#### Your goal:
All lines in the records below from the line with "Hi guys, welcome" through the line with "Hello friends, let" are to be given again exactly, both ends included; the pictures are to be left out.

#### Records shown:
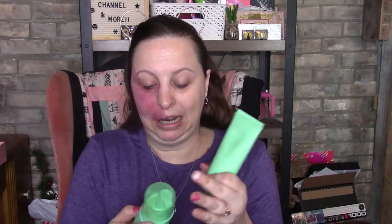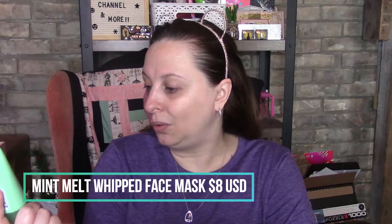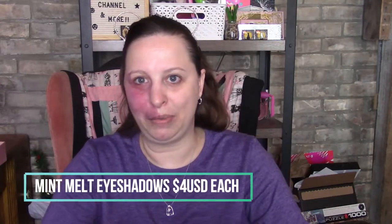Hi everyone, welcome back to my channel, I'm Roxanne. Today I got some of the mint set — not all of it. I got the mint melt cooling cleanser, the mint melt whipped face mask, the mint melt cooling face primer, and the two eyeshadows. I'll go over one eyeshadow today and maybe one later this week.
---
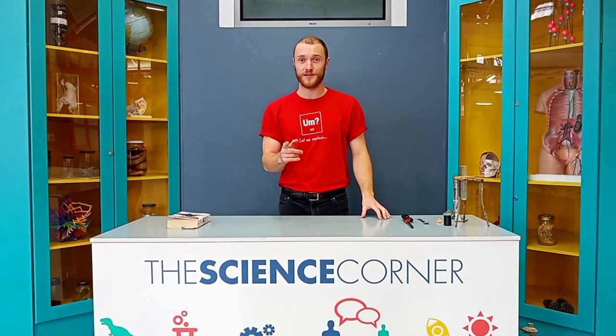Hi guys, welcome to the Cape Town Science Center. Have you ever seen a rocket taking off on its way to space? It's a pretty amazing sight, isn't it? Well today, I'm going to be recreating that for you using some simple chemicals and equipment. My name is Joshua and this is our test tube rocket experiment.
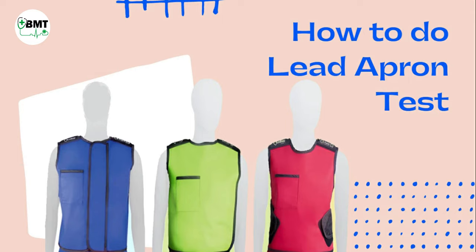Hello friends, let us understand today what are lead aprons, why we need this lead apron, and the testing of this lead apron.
* * *
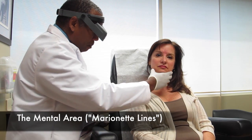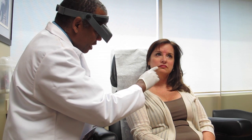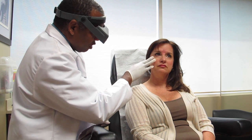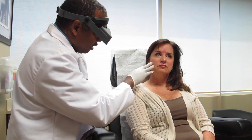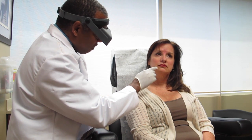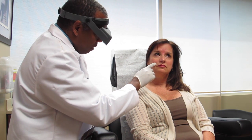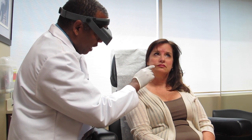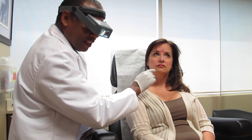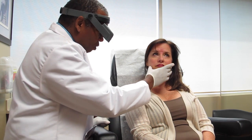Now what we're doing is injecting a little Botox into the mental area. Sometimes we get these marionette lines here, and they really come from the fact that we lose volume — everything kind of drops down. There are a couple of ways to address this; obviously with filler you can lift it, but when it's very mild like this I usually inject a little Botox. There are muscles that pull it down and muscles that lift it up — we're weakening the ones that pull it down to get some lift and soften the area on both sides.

#### Response below:
Hi guys, welcome to the Cape Town Science Center. Have you ever seen a rocket taking off on its way to space? It's a pretty amazing sight, isn't it? Well today, I'm going to be recreating that for you using some simple chemicals and equipment. My name is Joshua and this is our test tube rocket experiment.
Hello friends, let us understand today what are lead aprons, why we need this lead apron, and the testing of this lead apron.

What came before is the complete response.